So that sounds all very intense, and it was. But that's what you do. You listen to anyone's story, everyone has hardships and something they've overcome. 

Coming back to the present, I feel very lucky because I live here [Haumoana], and I’ve been with Fred for the past 15 years and he loves my kids, and they love him. And we’re very lucky. He is my number one fan. He loves that I’m an artist and that I’ve created and self-directed shows. We hired the foyer of the opera house in 2010 and I had an art show there. Fred made all the boards. And one at the Hastings City Art Gallery, all self-directed. 

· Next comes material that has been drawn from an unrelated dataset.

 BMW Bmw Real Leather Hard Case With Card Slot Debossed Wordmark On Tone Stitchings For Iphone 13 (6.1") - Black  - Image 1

Before meeting Fred and doing those shows, I did a fine arts and design degree at EIT. Before then I had been self-driven and self-taught but a  friend was there and was really enjoying it. I did those three years and expected it might develop into something else, but it didn't. My greatest takeaway was that I learnt Photoshop because I still use it in this environment. For this exhibition I could take pictures of the space and clear it out and install my work [on Photoshop] because I knew how to do it. So that's been a really useful thing, and the flipbooks I made during my course were done through Photoshop, so the takeaway was a formal learning, but it also gave me confidence.

In this art world, it helps to say you've got a degree. It means that it's just one less thing that someone can say no to, it doesn't mean that you'll get anywhere but it shows a commitment to what you do and that you have some awareness I guess. But still there is a prejudice as to what is art and what is design, what is craft, and I've always sort of seen it all as you know, as making stuff. And what box that stuff fits into shouldn't make any difference, but that's still a quite strong prejudice unfortunately. So, I think a woman using fabric it's just still there. Men can do that, but as soon as a woman's doing anything to do with stitching and fabric its abck to being downgraded to craft. Just such a silly prejudice.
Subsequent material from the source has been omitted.